Hungary declares ‘state of emergency’ over threat of power shortages

Hungary has declared a “state of emergency” in response to supply disruptions and rising energy prices in Europe.

The country’s government says it will now increase its domestic power generation capacity to ensure an adequate supply.

Gergely Gulyash, Hungarian Prime Minister Viktor Orban’s chief of staff, blamed the war in Ukraine and European Union sanctions on Russia for Europe’s “energy crisis”.

“It is unlikely that Europe will have enough gas for the autumn-winter heating season,” he said at a press conference in Budapest.

“The prolonged war and sanctions from Brussels have led to a sharp rise in energy prices across Europe, and in fact, most of Europe is already in an energy crisis,” Gulyash added.

Budapest says it will increase annual natural gas production from 1.5 billion cubic meters to 2 billion cubic meters.

The EU Member State is also planning to increase coal mining and rehabilitate a stand-alone lignite power plant in Matra.

Energy exports will be banned and Hungary’s only nuclear power plant will extend its operating hours to increase production, Gulyash said on Wednesday. Citizens were also ordered to “moderate their consumption or pay for excesses at the market price”.

Measures that run counter to Hungary’s climate commitments are due to come into force in August.

The announcements came after Orbán called a cabinet meeting to discuss what he called Europe’s “energy emergency.”

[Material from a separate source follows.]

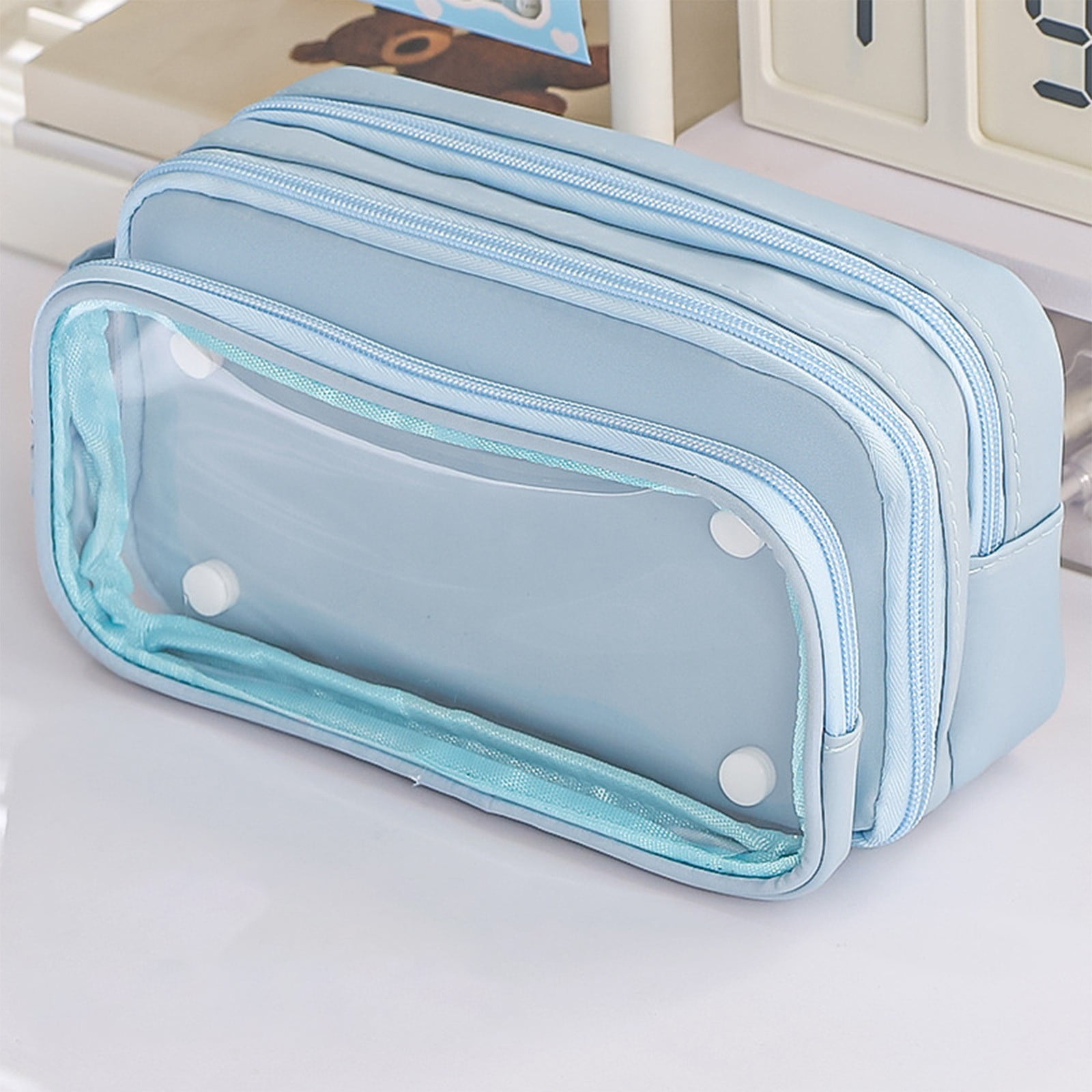 Nkmbld Pencil Case Large Capacity Pencil Pouch with Zipper Multiple Pockets Portable Canvas Pencil Box Stationery Organizer for Office Supplies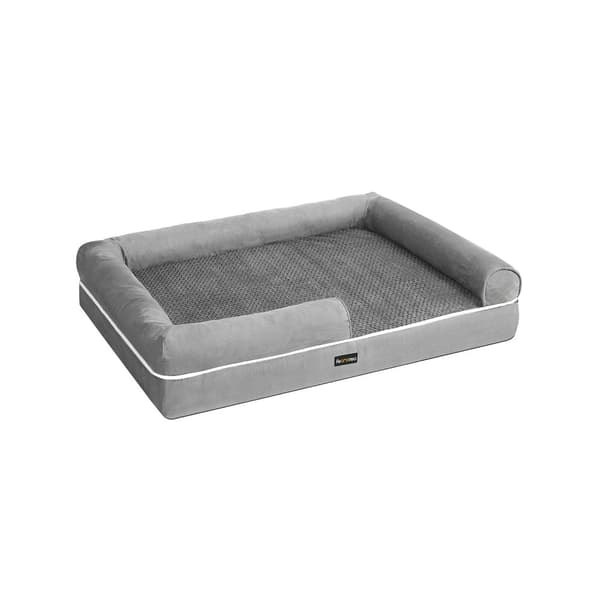 Ortopædisk hundeseng - hundeseng - med hævet kant - 106 x 80 x 25 cm - sort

Hungary is heavily dependent on fossil fuels from Russia, and last year signed a 15-year deal with state-owned energy giant Gazprom to buy natural gas. Hungary receives about 65% of its oil and 85% of its gas from Russia.

The Hungarian Prime Minister opposed EU proposals to impose sanctions against Russian oil exports. arguing that such measures would harm the economy of his country.

Subsequently, the bloc agreed to temporarily allow oil imports from Russia’s Druzhba pipeline to some landlocked countries.

Earlier Wednesday, Hungarian Foreign Minister Péter Szijjártó also announced that Hungary would seek to buy an additional 700 million cubic meters of gas from an unknown country.